This year's winner, announced last Friday in Quebec City at the annual meeting of the Cognitive Science Society, is Michael Jordan. (No, not that Michael Jordan.)

Michael I. Jordan is the Pehong Chen Distinguished Professor of Statistics and of Electrical Engineering and Computer Science at the University of California at Berkeley, where his research has focused on learning and inference in both humans and machines. Jordan is a leading figure in machine learning and Bayesian nonparametrics — a statistical approach that supports flexible models that can "grow" as more data becomes available. The computational models he's developed have been applied to learning, memory, natural language processing, semantics and vision, among other facets of natural and artificial intelligence.
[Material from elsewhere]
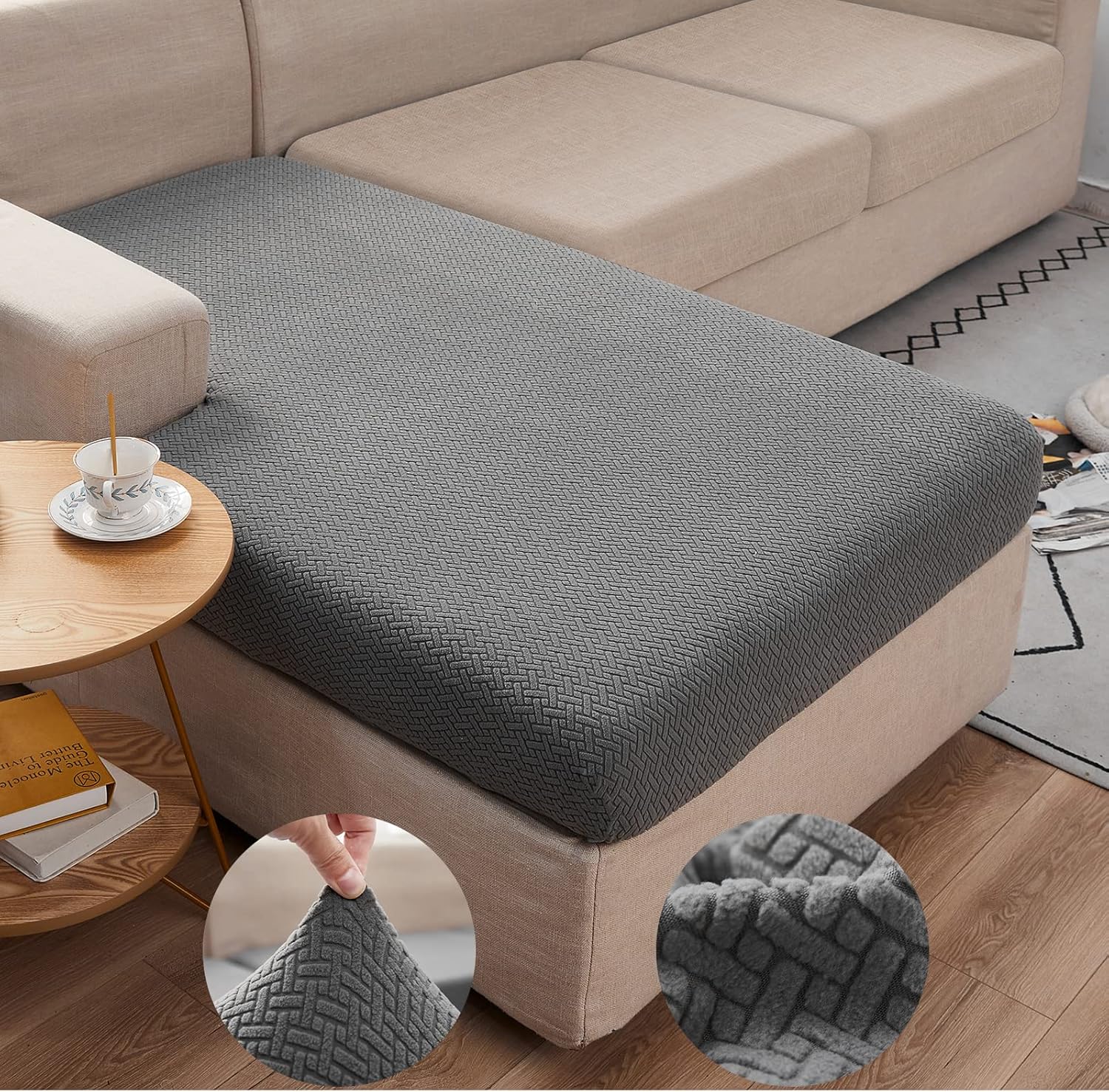TEWENE Magic Sofa Cover for Sectional WearResistant Universal Stretch Couch Cushion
Fittingly enough, Jordan was a student of David Rumelhart (1942 - 2011), the pioneering cognitive scientist in honor of whom the Rumelhart Prize is named. Rumelhart made seminal contributions to our understanding of the human mind, developing mathematical and computational approaches that still shape the field today. He's probably best known for his work with Jay McClelland (the 2010 Rumelhart Prize winner) on neurally-inspired, parallel distributed processing systems.

In an email conversation with me, Jordan praised Rumelhart's broad, interdisciplinary approach:

"Dave had an expansive vision of cognitive science — ideas from psychology, linguistics, AI, statistics and philosophy infused his thinking. Where lesser minds tended to develop cartoon versions of ideas from other fields — the better to dismiss those ideas and continue to focus on one's narrow perspective — Dave always found something useful in other traditions, and was able to creatively shape ideas from those traditions to tackle challenging problems in cognition."

At various points in his career, Jordan has asked himself, "What would Dave have thought about this?"

The Rumelhart Prize owes its existence to another student of David Rumelhart, Robert Glushko, whose foundation funds the award. Glushko was also kind enough to correspond with me by email, explaining that he established the yearly prize because:

" ... [Rumelhart was] a brilliant scientist who made fundamental contributions to the foundations of cognitive science, but also to honor a person who was personally and professional generous - a great model for aspiring scientists."

Other recipients of the Rumelhart Prize have included Ray Jackendoff (2014), Linda Smith (2013), and my own PhD advisor, Susan Carey (2009).

I asked Glushko what Rumelhart might make of the field today:

"Rumelhart liked mathematical rigor but he also liked elegant models that gave unexpected insights, and that perspective characterizes the best scientists of any field at any time. I think that Rumelhart might be surprised at how computational cognitive science has become."

Glushko noted that students don't just drift in to cognitive science from psychology anymore — they often come from mathematics, computer science and related fields.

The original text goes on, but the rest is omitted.